Montesquieu hätte sich nicht einfallen lassen, Personen aus ein und
derselben Gruppe, etwa dem Adel, gleichzeitig die Exekutive und die
Mitwirkung an der Gesetzgebung anzuvertrauen. Er betont mehrfach, daß
nicht nur eine Einzelperson keinesfalls Einfluß auf mehr als eine Staatsgewalt
gleichzeitig haben darf, sondern daß auch ein und dieselbe Personengruppe
nicht mehrere Staatsbefugnisse besetzen dürfe: "Alles wäre verloren, wenn
ein und derselbe Mann bzw. die gleiche Körperschaft entweder der Mächtigen
oder der Adligen oder des Volkes alle drei Machtvorkommen ausübte".
Als negatives Beispiel schildert Montesquieu die Situation
in den italienischen Republiken seiner Zeit: "Die gleiche Beamtenschaft
hat als Ausführer der Gesetze alle die Befugnisse, die sie sich als Gesetzgeber
selbst verliehen hat.

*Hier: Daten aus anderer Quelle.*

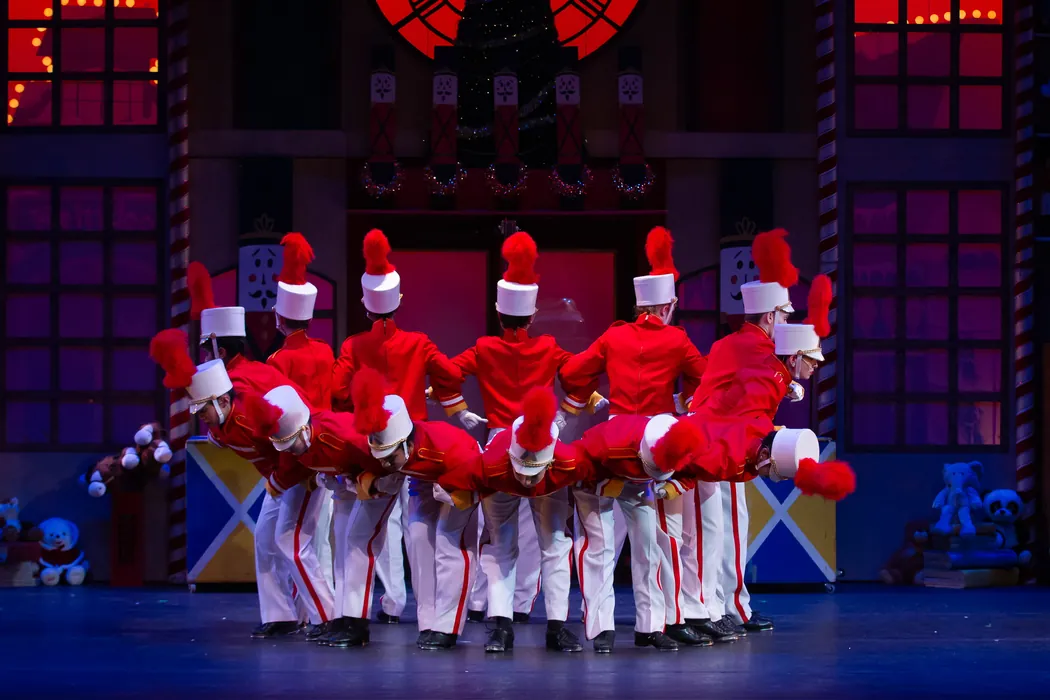 ETAP dancers in toy soldier costumes lined up across the stage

Sie vermag den Staat durch ihren Willen zu verheeren.
Da sie auch noch die richterliche Gewalt innehat, vermag sie jeden Bürger
durch ihre Sonderbeschlüsse zugrundezurichten. Alle Befugnisse bilden
hier eine einzige. Obwohl hier keine äußere Pracht einen despotischen Herrscher
verrät, bekommt man ihn auf Schritt und Tritt zu spüren."
"Der Despotismus der modernen
Demokratie hat einen anderen Charakter, er ist viel weitergehender und
sanfter und erniedrigt die Menschen, ohne sie zu quälen."

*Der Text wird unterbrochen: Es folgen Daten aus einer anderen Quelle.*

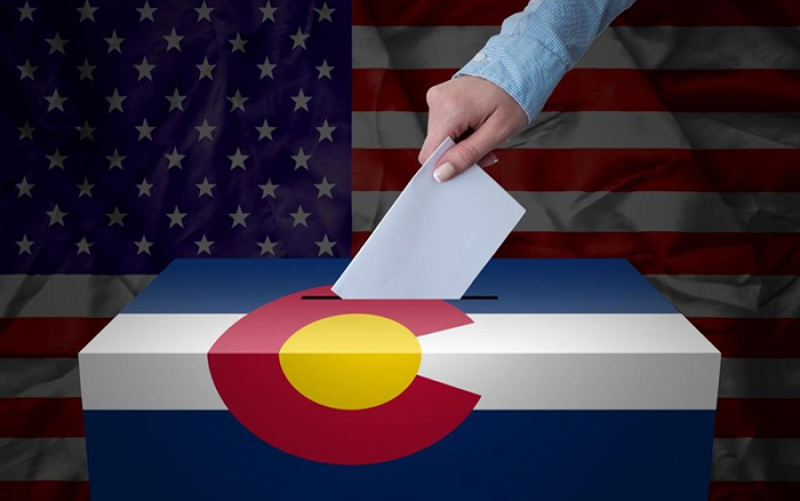 hand-puts-ballot-in-colorado-ballot-box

Der "Despotismus der Vielen" war in
Montesquieus "Augen nicht viel besser als die Despotie des Einen".
Diesen Beobachtungen entspricht weitgehend der
politische Alltag der Bundesrepublik und markiert eine der beiden entscheidenden
Einbruchstellen des Parteienstaats in die gewaltenteilende Verfassungsordnung,
die deshalb, jedenfalls im klassischen Sinne, nicht mehr funktioniert. Dem
englischen Vorbild folgend sind die gesetzgebende Gewalt und die
Spitze der Exekutive in Bund und Ländern nämlich in doppelter Weise miteinander
verschmolzen:
Zum einen wird nach Art.63 und 67 GG der Kanzler vom Bundestag
gewählt und kann von ihm jederzeit durch einen anderen ersetzt werden.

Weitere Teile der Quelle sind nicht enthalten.